The teams at Walden Media and HarperCollins met during the marketing of the first Narnia film, The Lion, the Witch and the Wardrobe (HC is the longtime publisher of the Narnia books). “We knew immediately that we shared a vision for high-quality, action-packed material that appeals to families, teachers and librarians,” says Susan Katz, president and publisher of HarperCollins Children’s Books. “We’ve created a partnership where we discuss and share talented writers and their material with an eye toward acquiring not only book but all related media rights.” Walden and Harper offer “two businesses with so much experience in marketing stories to kids,” says Brown. “We’re genuinely looking for new voices and new talent.”

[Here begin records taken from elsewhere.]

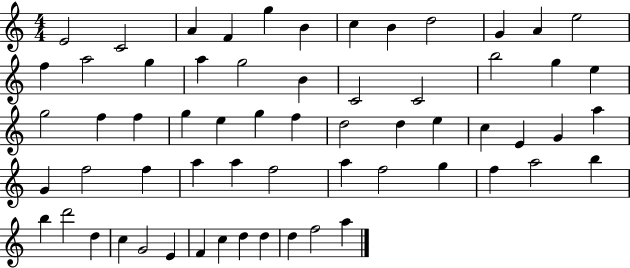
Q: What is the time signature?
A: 4/4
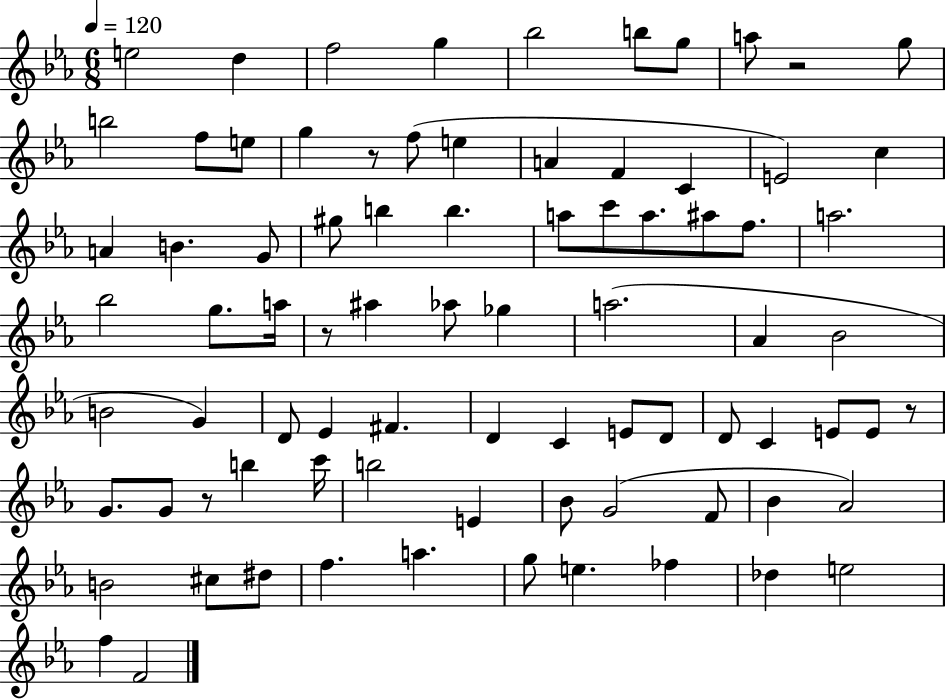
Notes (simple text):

E5/h D5/q F5/h G5/q Bb5/h B5/e G5/e A5/e R/h G5/e B5/h F5/e E5/e G5/q R/e F5/e E5/q A4/q F4/q C4/q E4/h C5/q A4/q B4/q. G4/e G#5/e B5/q B5/q. A5/e C6/e A5/e. A#5/e F5/e. A5/h. Bb5/h G5/e. A5/s R/e A#5/q Ab5/e Gb5/q A5/h. Ab4/q Bb4/h B4/h G4/q D4/e Eb4/q F#4/q. D4/q C4/q E4/e D4/e D4/e C4/q E4/e E4/e R/e G4/e. G4/e R/e B5/q C6/s B5/h E4/q Bb4/e G4/h F4/e Bb4/q Ab4/h B4/h C#5/e D#5/e F5/q. A5/q. G5/e E5/q. FES5/q Db5/q E5/h F5/q F4/h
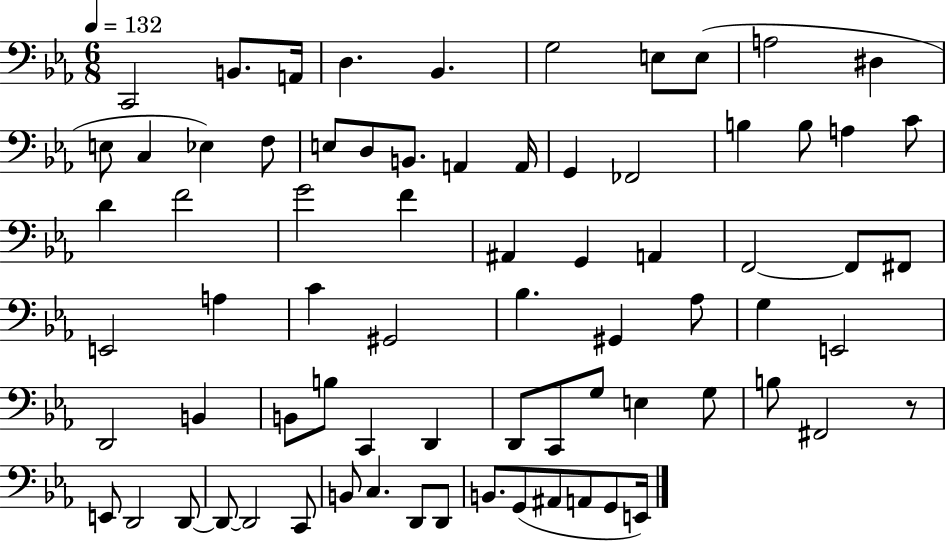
X:1
T:Untitled
M:6/8
L:1/4
K:Eb
C,,2 B,,/2 A,,/4 D, _B,, G,2 E,/2 E,/2 A,2 ^D, E,/2 C, _E, F,/2 E,/2 D,/2 B,,/2 A,, A,,/4 G,, _F,,2 B, B,/2 A, C/2 D F2 G2 F ^A,, G,, A,, F,,2 F,,/2 ^F,,/2 E,,2 A, C ^G,,2 _B, ^G,, _A,/2 G, E,,2 D,,2 B,, B,,/2 B,/2 C,, D,, D,,/2 C,,/2 G,/2 E, G,/2 B,/2 ^F,,2 z/2 E,,/2 D,,2 D,,/2 D,,/2 D,,2 C,,/2 B,,/2 C, D,,/2 D,,/2 B,,/2 G,,/2 ^A,,/2 A,,/2 G,,/2 E,,/4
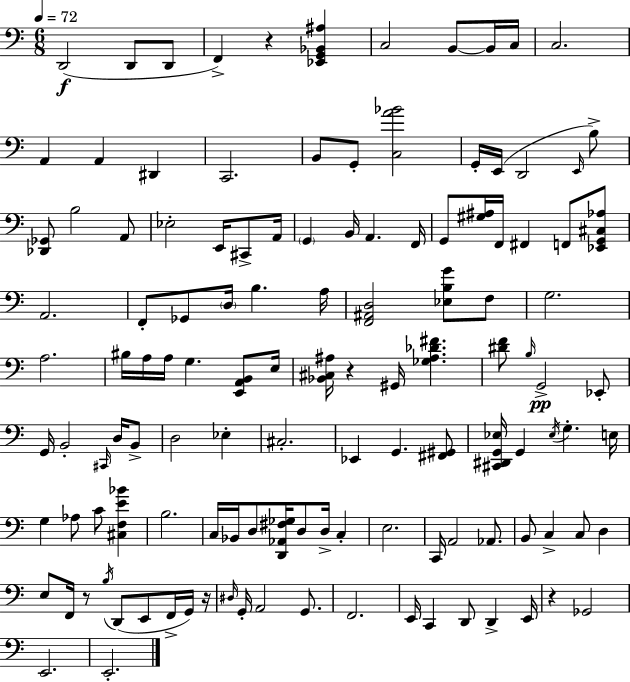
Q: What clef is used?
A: bass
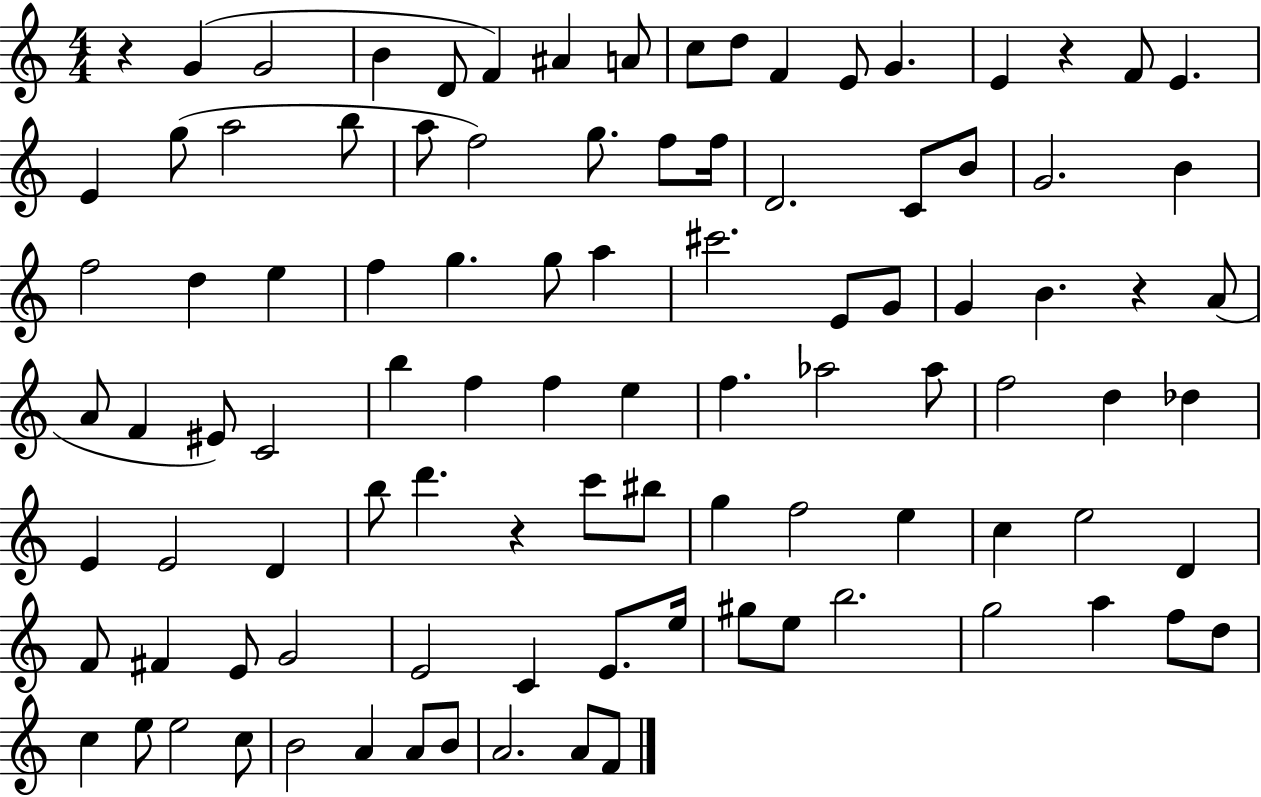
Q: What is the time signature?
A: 4/4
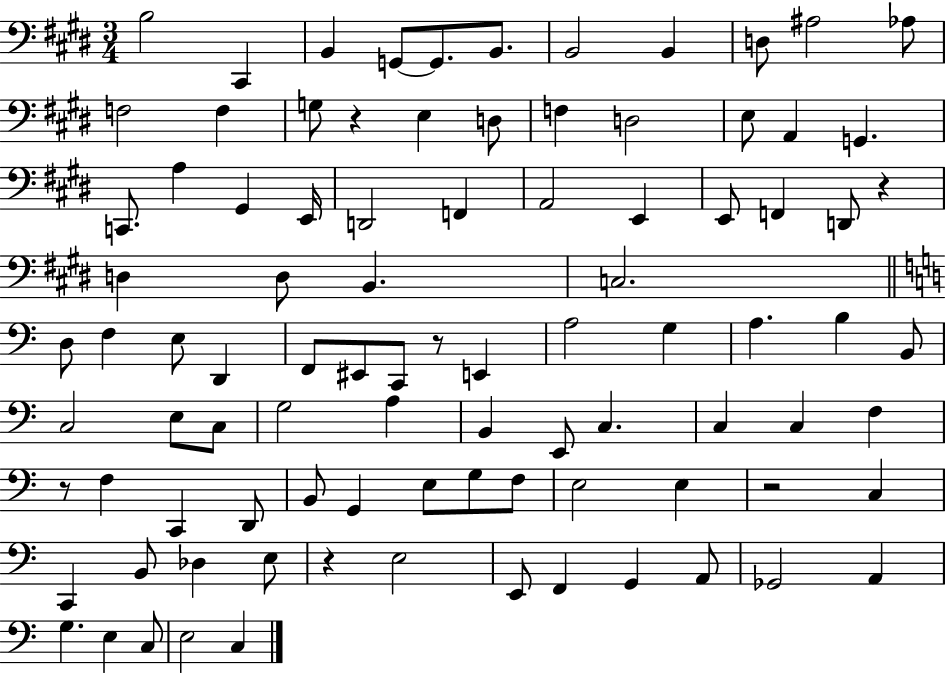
{
  \clef bass
  \numericTimeSignature
  \time 3/4
  \key e \major
  b2 cis,4 | b,4 g,8~~ g,8. b,8. | b,2 b,4 | d8 ais2 aes8 | \break f2 f4 | g8 r4 e4 d8 | f4 d2 | e8 a,4 g,4. | \break c,8. a4 gis,4 e,16 | d,2 f,4 | a,2 e,4 | e,8 f,4 d,8 r4 | \break d4 d8 b,4. | c2. | \bar "||" \break \key a \minor d8 f4 e8 d,4 | f,8 eis,8 c,8 r8 e,4 | a2 g4 | a4. b4 b,8 | \break c2 e8 c8 | g2 a4 | b,4 e,8 c4. | c4 c4 f4 | \break r8 f4 c,4 d,8 | b,8 g,4 e8 g8 f8 | e2 e4 | r2 c4 | \break c,4 b,8 des4 e8 | r4 e2 | e,8 f,4 g,4 a,8 | ges,2 a,4 | \break g4. e4 c8 | e2 c4 | \bar "|."
}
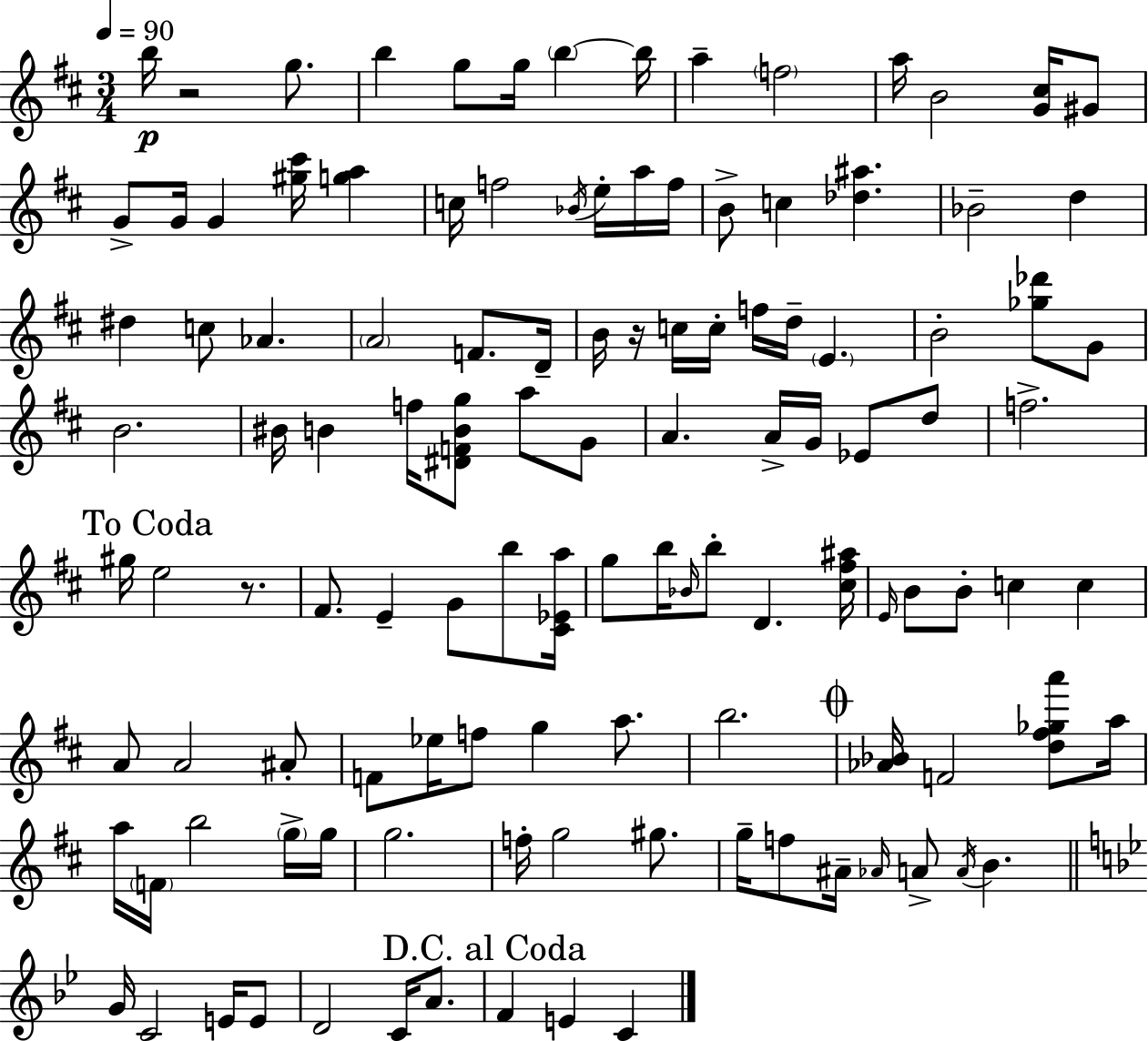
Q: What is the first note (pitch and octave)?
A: B5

From Walden’s Bridge to Terabithia movie.
(c) 2006 Buena Vista Pictures Marketing
and Walden Media, LLC.

The joint acquisition model should appeal to writers who worry about the fate of movie versions of their books. “It’s the same people they met on the phone when the book was acquired who may be turning their book into a film,” says Brown. “What we offer is making sure that the author’s vision isn’t lost through the process.” In traditional publishing, a separate team acquires film rights to a book that was often published years earlier; with this new model, that’s no longer the case.

Walden Media takes advantage of its offices in Massachusetts (for books) and in Los Angeles (for movies). “Los Angeles is to entertain and come up with first-rate movies,” says Flaherty. “The Boston office is to make sure it’s entertainment that’s inherently educational.”

Flaherty sees the marriage between Walden Pond Press and HarperCollins as a way to give some Hollywood-like “buzz” to high-quality children’s books. “I like to think of us as a storytelling company,” he says. “Stories take different formats. The average movie costs $65 million to produce, $35 million to advertise. You only get so many of those in a year.” Books, which cost much less to produce, allow Walden to get more great stories on the market, he says.

Kids who saw the 2003 movie Holes—Walden’s first foray into turning an award-winning children’s book into a film—wanted to buy the book. “It felt more familiar to them, and it helped them crack that reading nut, if you will,” says Flaherty. “We saw the book sales that occurred, and we saw how they went through the roof, and we saw how teachers and librarians saw us. This is a great opportunity to get kids in this age group excited about reading.” The challenge: figuring out how to convey a book’s magic to a movie screen.

Opting for quality over quantity, Walden Pond Press plans to publish six to eight titles a year, focusing on middle-grade readers. Parents and teachers want “books that are challenging, that are great books of literature, but are safe to put in the hands of a nine- or 10-year-old,” says Brown. Even in a bad economy, he says, “kids are still going to need great books and great stories.”

The stories are sometimes test-read by Flaherty’s daughters. “When I bring home a manuscript, I have a quick focus group!” says Flaherty. Flaherty went with Savvy because he loved it—and because his 12-year-old gave it her “Maggie seal of approval.”

Walden Media also continues its storytelling with several films that did not begin as books. Band Slam, about a boy who gets a bunch of outcasts to start a musical group for his new high school’s battle of the bands, comes out on July 31 (stars include Vanessa Hudgens from High School Musical). And in November, Duane “The Rock” Johnson will star as a National Hockey League defenseman in Tooth Fairy.

Walden Media is backed by conservative Christian billionaire Philip Anschutz. It is named after Henry David Thoreau’s 1854 book and is not connected to the Waldenbooks bookstore chain.